Saved data entries:
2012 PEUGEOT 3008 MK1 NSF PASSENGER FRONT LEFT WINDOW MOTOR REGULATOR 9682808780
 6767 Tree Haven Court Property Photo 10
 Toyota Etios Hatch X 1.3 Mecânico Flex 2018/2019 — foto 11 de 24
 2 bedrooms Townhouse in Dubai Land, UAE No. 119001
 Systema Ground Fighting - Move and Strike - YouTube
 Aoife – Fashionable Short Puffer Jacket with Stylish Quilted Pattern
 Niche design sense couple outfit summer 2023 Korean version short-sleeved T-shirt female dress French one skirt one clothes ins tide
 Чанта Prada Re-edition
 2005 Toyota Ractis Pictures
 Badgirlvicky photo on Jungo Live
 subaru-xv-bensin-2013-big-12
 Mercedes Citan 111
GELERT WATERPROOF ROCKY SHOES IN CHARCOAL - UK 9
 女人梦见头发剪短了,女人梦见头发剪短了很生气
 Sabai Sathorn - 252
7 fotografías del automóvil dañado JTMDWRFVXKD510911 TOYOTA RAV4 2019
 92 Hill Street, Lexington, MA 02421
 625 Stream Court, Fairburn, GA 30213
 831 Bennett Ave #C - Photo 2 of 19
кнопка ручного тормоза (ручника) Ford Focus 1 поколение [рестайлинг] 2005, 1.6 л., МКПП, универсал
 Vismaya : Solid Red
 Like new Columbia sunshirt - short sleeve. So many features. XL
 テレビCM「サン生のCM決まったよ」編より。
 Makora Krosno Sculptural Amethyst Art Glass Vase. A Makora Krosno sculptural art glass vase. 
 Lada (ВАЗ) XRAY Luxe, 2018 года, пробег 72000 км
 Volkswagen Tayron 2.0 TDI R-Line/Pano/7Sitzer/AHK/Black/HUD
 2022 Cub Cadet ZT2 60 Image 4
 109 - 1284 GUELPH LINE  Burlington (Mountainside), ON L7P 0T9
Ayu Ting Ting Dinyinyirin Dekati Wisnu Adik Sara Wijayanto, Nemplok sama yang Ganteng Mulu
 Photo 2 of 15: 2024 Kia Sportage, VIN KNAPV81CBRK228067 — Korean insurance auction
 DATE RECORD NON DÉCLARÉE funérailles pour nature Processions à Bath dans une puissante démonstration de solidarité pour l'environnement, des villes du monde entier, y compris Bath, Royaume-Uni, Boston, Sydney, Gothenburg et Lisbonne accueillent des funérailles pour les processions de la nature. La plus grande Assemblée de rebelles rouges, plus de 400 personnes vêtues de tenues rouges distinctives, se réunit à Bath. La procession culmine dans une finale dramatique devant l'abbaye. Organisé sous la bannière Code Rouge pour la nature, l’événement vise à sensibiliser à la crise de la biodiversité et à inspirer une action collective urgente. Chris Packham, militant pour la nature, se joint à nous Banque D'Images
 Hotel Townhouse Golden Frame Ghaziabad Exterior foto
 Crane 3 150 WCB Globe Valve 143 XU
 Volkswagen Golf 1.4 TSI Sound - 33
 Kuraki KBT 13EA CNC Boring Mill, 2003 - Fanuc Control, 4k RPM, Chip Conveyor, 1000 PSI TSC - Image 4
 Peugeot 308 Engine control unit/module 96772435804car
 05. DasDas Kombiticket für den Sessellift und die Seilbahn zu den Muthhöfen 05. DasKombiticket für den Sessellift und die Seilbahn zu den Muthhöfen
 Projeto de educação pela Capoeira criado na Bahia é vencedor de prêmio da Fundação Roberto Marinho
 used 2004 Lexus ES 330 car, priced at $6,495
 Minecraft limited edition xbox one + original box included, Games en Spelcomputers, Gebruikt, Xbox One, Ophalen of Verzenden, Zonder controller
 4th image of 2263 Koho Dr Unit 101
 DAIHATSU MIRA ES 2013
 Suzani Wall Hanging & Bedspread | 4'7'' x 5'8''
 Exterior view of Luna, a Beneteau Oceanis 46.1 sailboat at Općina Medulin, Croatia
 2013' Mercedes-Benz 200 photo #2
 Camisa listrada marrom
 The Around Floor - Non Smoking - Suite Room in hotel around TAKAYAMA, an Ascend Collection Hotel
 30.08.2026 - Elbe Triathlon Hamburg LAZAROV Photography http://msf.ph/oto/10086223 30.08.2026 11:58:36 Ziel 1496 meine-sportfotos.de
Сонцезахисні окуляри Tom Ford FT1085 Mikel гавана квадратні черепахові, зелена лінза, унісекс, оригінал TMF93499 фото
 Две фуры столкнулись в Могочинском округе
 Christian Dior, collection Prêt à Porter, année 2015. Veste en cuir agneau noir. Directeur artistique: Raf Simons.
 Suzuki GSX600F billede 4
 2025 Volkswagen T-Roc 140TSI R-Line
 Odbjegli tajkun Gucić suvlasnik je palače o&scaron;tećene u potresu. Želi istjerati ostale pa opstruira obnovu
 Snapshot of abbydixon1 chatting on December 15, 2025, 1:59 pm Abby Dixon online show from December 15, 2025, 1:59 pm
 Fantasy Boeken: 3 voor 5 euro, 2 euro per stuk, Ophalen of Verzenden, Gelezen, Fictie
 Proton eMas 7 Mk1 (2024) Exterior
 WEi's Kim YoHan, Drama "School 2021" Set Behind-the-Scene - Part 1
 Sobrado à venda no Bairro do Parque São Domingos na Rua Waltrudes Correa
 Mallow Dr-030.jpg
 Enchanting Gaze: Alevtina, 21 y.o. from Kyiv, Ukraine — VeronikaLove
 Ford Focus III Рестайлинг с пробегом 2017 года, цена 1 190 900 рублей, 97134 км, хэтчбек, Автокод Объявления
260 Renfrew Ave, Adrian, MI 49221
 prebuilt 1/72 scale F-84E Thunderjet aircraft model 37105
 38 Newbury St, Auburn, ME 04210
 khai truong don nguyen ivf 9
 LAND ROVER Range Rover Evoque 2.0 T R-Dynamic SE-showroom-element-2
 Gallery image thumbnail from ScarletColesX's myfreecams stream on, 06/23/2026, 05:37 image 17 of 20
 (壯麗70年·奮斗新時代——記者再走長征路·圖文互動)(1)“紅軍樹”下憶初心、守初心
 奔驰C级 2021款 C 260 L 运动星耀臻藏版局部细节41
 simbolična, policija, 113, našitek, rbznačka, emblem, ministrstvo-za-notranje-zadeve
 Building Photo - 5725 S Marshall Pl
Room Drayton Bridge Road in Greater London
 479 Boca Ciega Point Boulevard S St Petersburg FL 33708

→ INSTRUCTIONS FOR THE TASK: If a line above includes the string "Korean", pick it out.

→ TASK ANSWER:
 Niche design sense couple outfit summer 2023 Korean version short-sleeved T-shirt female dress French one skirt one clothes ins tide
 Photo 2 of 15: 2024 Kia Sportage, VIN KNAPV81CBRK228067 — Korean insurance auction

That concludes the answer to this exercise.